Все рухнуло. Наводнение здравого смысла перехлестнуло через дамбу, которой я в отчаянии отгораживался. До меня дошло, что Мелинда где-то заблудилась и уже не вернется назад. Деньги, предназначенные на взносы за почки, потрачены на наркотик, отложенные на оплату счетов и ипотеки скорее всего тоже. «Кью» съел ее налоги, инвестиции, сбережения и, когда ничего не осталось, сожрал мозг. Мелинда, моя финансово щепетильная, высоконравственная, предусмотрительная, добрая и красивая Мелинда ушла навсегда, осталось только иссохшее тело.

Меня по-прежнему ждала работа.

Я отпустил ее руку, мягко поцеловал в лоб и вытащил из сумки канистру с эфиром.

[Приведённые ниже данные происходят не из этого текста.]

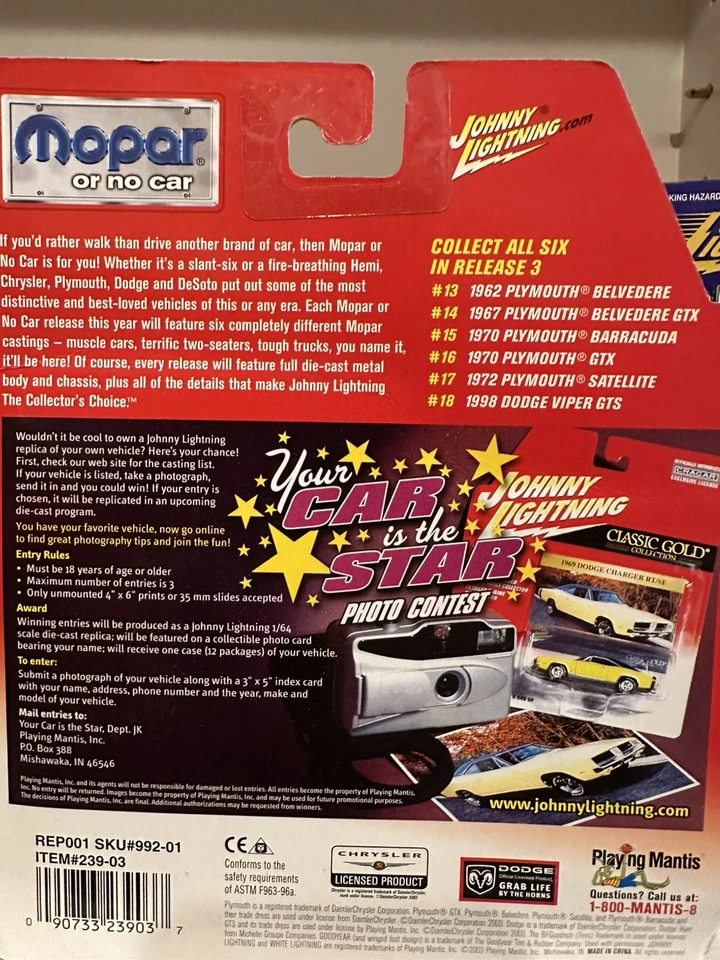 Johnny Lightning Mopar or No Car 1972 Plymouth Satellite Foto 2 de 2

Я не помню, как проводил экстракцию, за что благодарен судьбе. Может, какие-то остатки «кью» впитались через губы или мозг отгородился от реальности, облегчив мне задачу, но те полчаса для меня — сплошное белое пятно. Я воткнул трубку с эфиром ей в рот, повернул краник — и пришел в себя уже на обратном пути, когда полз по коридору, волоча за собой сумку и почки.

Я помню, как вернулся за ней, спохватившись, что не по-человечески оставлять тело гнить в этих развалинах, где его отыщут разве что бродяги. Схватил Мелинду под мышки и выволок из западного вестибюля в темный коридор. Я тащил ее по проходам, извиваясь на спине, пытаясь держать себя в руках, сворачивая не туда, ничего не видя из-за попавшей в глаза соленой жидкости — наверняка пота, утыкаясь в тупики и возвращаясь, волоча Мелинду к выходу.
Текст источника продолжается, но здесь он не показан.